I tell her: “In that case you should move to Sri Lanka, where 98.5 per cent of people stay married; or to the Philippines, where technically 100 per cent of couples stay together— divorce being illegal.”
Agnetha slides into the next seat and offers another option. “Or you could simply give yourself more time to choose by moving to Canada, where the average age of first marriage is 33.”
“Why so late?” Priti asks.
Agnetha
shrugs.
I tell them: “Probably has something to do with the thick clothing Canadians have to wear.”
Nine hours later, another exhausting day comes to an end. Doing anything in India is tiring: the traffic is so dense, the air so hot, and street life so intense. Checking my email before retiring for the night, I find a short, shocking bulletin from a Korean reader named Kim (not the Dear Leader of the same name, or at least, I don’t think so): “Whatever happens, tell your friend Priti to avoid South Korea. Laws protecting women from lying, predatory men have been rescinded. See the story at this link.”

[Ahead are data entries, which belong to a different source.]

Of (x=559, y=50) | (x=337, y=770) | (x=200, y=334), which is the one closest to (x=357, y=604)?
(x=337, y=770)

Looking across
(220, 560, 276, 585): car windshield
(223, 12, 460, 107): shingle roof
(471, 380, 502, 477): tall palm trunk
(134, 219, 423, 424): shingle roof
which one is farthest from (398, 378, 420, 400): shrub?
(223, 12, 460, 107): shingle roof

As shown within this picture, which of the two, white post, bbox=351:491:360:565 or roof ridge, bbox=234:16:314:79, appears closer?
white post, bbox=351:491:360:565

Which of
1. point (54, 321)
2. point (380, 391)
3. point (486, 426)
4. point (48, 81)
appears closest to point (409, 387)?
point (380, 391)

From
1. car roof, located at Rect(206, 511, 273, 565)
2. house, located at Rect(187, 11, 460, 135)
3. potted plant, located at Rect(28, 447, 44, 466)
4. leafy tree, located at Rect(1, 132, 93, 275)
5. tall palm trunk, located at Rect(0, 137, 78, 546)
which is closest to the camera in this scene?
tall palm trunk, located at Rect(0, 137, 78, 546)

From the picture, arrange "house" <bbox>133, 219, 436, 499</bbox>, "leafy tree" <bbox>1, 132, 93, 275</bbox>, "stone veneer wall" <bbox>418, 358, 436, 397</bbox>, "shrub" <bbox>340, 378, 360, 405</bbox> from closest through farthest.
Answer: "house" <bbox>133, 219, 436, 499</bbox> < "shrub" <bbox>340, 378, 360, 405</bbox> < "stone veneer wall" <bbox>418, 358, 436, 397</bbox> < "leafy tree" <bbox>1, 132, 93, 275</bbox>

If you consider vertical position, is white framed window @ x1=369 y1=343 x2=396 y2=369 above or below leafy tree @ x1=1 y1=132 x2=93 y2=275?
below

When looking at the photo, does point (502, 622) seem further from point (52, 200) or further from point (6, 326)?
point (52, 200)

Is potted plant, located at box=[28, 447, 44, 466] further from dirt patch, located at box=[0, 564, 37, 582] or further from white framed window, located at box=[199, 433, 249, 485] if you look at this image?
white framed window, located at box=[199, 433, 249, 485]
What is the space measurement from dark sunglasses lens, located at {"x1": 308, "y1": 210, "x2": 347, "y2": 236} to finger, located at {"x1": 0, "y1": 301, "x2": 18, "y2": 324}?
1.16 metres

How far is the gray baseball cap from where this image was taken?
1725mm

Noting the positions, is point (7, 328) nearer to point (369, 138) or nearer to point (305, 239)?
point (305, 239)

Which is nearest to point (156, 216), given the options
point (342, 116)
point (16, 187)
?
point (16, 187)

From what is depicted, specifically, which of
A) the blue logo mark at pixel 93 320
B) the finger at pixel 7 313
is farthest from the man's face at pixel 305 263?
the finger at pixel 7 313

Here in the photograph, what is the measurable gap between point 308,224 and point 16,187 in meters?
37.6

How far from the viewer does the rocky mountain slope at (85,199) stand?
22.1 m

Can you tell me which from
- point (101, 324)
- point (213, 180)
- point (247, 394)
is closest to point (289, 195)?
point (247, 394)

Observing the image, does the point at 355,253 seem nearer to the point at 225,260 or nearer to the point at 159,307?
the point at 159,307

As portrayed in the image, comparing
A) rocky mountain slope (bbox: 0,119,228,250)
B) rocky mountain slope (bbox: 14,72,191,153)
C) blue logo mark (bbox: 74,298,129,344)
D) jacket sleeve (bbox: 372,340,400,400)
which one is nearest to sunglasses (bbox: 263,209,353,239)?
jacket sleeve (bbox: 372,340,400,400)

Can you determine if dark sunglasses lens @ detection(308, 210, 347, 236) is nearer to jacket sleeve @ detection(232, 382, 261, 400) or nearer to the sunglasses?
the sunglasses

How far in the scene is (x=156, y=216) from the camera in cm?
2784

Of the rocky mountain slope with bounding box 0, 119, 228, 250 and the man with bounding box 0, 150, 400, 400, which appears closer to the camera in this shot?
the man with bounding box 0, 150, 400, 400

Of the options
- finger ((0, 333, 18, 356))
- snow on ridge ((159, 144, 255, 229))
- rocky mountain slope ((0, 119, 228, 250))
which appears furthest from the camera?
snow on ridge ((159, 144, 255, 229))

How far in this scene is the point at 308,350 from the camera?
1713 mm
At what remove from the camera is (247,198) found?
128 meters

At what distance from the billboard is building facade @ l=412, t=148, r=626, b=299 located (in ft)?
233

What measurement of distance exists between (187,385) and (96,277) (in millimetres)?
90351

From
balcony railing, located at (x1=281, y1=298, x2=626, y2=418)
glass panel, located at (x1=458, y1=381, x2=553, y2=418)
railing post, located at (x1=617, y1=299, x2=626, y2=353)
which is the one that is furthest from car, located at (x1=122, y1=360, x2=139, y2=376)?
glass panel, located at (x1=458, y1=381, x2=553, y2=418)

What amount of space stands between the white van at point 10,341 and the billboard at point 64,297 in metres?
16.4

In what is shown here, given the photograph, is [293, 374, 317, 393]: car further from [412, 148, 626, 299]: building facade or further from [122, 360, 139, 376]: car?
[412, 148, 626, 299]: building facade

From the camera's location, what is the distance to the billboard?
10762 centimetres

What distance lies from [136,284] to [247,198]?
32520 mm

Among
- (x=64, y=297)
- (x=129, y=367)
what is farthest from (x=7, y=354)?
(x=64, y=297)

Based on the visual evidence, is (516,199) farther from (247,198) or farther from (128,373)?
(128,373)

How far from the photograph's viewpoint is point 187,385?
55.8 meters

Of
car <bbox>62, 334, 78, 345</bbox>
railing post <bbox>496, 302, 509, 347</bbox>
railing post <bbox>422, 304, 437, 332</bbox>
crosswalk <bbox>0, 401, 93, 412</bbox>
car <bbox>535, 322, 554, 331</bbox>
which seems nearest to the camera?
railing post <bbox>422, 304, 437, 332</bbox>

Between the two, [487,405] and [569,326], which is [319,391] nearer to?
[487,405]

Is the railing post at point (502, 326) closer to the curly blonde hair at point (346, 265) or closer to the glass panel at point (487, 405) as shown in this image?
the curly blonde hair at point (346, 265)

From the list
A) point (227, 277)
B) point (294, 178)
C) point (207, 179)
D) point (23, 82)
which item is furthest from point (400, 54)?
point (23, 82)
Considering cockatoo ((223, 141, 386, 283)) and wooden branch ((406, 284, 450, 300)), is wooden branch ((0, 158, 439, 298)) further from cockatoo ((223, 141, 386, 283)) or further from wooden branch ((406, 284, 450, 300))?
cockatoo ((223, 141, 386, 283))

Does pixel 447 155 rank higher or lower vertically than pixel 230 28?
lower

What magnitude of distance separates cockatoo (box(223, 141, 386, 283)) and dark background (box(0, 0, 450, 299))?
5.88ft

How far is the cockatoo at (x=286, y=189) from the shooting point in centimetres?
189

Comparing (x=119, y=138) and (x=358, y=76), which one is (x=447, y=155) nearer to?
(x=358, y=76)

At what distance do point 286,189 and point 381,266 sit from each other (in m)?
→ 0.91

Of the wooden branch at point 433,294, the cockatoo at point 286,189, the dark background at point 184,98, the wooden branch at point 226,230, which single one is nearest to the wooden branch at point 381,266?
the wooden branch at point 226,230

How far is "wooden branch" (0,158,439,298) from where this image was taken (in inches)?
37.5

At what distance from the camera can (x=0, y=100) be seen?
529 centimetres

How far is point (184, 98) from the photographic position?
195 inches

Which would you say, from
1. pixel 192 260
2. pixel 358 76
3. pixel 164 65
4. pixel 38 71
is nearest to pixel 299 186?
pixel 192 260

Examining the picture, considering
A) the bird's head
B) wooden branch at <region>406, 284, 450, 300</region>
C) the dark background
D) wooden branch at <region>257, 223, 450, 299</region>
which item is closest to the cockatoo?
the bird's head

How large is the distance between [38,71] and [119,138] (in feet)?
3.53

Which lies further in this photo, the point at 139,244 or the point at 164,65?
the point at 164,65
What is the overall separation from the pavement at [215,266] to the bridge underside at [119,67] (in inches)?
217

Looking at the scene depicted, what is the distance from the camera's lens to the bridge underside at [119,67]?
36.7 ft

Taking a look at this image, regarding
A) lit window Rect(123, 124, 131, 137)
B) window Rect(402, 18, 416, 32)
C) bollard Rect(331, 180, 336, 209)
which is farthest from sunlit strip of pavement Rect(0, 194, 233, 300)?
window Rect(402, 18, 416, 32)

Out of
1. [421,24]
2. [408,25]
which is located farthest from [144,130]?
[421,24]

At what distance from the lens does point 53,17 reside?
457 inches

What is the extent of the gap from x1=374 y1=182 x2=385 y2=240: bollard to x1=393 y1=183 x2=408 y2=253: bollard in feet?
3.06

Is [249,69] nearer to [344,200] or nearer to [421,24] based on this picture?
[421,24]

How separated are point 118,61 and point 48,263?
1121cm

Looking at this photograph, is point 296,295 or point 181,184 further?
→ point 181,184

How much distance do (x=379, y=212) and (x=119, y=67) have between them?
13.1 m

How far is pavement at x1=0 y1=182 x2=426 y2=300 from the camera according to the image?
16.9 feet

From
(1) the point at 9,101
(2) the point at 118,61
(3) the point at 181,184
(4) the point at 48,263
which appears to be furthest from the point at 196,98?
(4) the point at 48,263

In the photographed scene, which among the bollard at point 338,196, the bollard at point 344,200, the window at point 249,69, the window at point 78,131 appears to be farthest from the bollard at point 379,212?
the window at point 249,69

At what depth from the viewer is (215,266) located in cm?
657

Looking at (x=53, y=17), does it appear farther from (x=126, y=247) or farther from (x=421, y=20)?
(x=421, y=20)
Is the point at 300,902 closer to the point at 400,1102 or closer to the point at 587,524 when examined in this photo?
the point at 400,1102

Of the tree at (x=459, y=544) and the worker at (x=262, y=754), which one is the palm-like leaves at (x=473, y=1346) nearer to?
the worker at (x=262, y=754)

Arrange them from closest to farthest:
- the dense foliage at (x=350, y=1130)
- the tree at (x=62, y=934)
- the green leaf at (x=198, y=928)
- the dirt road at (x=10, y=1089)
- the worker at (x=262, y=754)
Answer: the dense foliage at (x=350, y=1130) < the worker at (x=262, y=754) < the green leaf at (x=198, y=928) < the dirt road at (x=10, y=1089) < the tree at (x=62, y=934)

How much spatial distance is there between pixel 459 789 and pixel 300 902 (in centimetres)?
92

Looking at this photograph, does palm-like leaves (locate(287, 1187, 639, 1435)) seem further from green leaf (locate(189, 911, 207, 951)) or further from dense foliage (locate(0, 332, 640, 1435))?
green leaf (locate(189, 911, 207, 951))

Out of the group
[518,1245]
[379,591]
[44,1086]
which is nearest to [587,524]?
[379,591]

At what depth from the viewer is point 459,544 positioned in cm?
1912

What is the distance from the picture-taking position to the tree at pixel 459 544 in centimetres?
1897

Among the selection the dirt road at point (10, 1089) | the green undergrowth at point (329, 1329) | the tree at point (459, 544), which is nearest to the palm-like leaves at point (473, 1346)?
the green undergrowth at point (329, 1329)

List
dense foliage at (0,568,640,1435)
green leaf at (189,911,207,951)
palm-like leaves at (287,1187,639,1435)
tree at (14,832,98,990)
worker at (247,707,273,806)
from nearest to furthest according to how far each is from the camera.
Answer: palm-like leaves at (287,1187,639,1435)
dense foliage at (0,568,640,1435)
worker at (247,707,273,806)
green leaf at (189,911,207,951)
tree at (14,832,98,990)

But before I can click the link, the hotel is plunged into darkness by a power cut.
Tuesday, September 16
After a sweaty night, power is restored. This morning I get back on to the internet after only 15 attempts to log on. I click last night’s link to learn that the famous “sleazeball law” of South Korea has just been repealed. For decades, any male jerk who pretended to be a sincere, marriageable person in a bid to get a woman he was trying to seduce to drop her guard, and other things, was hauled off to jail for two years. But judges in South Korea have decided that this sort of sleazy seduction technique should no longer be seen as a crime—it was just the sort of thing guys do. Their verdict read: “The government should refrain from interfering in men’s sexual activities of tempting women in an unharmful manner.” Court spokesman Noh Hee-bum told reporters that men who think they had been harmed by this law could ask for state compensation. That’s hard to imagine. “Excuse me, I’ve been a lying sleazeball all my life, can I have some money please?” Curiously, women’s groups in South Korea have approved the change.
At breakfast, I show Agnetha and Priti the article and ask them why they think Korean women are in favor of it. Agnetha says: “All women know men are sleazeballs. Remember we’re far smarter than you. We’d rather handle it by ourselves than have the law try to handle it for us.”